问题
In order to find out whether data frame df.a
is a subset of data frame df.b
I did the following:
df.a <- data.frame( x=1:5, y=6:10 )
df.b <- data.frame( x=1:7, y=6:12 )
inds.x <- as.integer( lapply( df.a$x, function(x) which(df.b$x == x) ))
inds.y <- as.integer( lapply( df.a$y, function(y) which(df.b$y == y) ))
identical( inds.x, inds.y )
The last line gave TRUE
, hence df.a
is contained in df.b
.
Now I wonder whether there is a more elegant - and possibly more efficient - way to answer this question?
This task also is easily extended to find the intersection between two given data frames, possibly based on only a subset of columns.
Help will be much appreciated.
回答1:
I am going to hazard a guess at an answer.
I think semi_join
from dplyr
will do what you want, even taking into account duplicated rows.
First note the helpfile ?semi_join
:
return all rows from x where there are matching values in y, keeping just columns from x.
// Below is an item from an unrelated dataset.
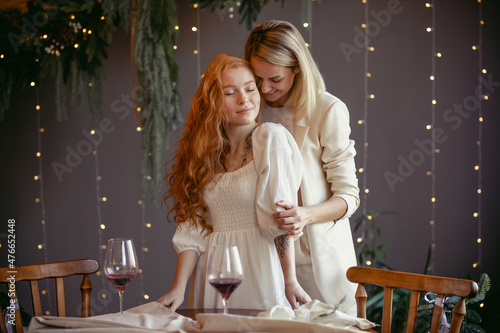 lesbian couple having dinner in a restaurant. One girl hugs her beloved whispering in her ear © toxicoz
A semi join differs from an inner join because an inner join will return one row of x for each matching row of y, where a semi join will never duplicate rows of x.
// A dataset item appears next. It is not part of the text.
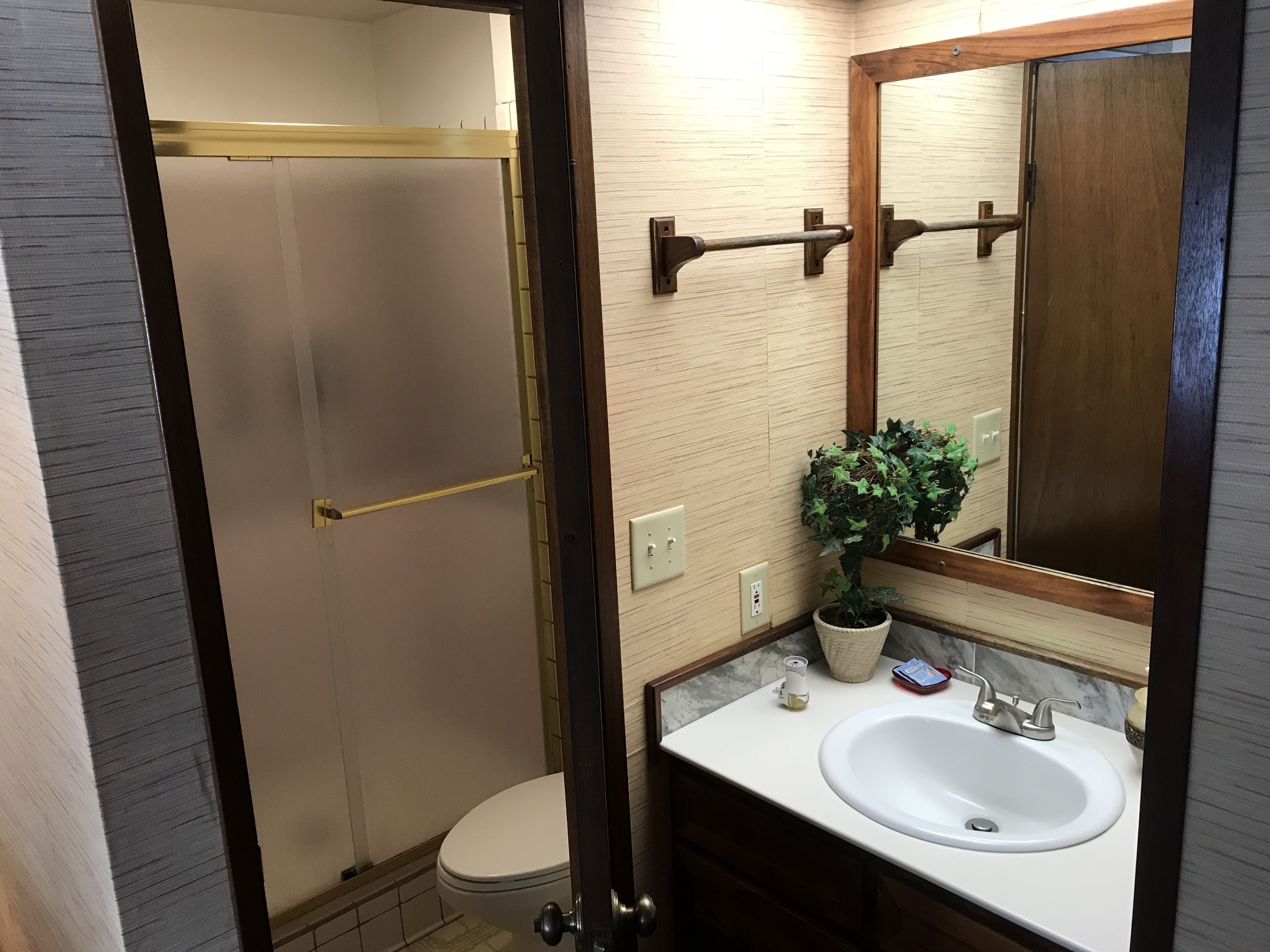 A bathroom with a toilet, sink, mirror, and a shower area.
Ok, this suggests that the following should correctly fail:
df.a <- data.frame( x=c(1:5,1), y=c(6:10,6) )
df.b <- data.frame( x=1:7, y=6:12 )
identical(semi_join(df.b, df.a), semi_join(df.a, df.a))
which gives FALSE
, as expected since
> semi_join(df.b, df.a)
Joining by: c("x", "y")
x y
1 1 6
2 2 7
3 3 8
4 4 9
5 5 10
However, the following should pass:
df.c <- data.frame( x=c(1:7, 1), y= c(6:12, 6) )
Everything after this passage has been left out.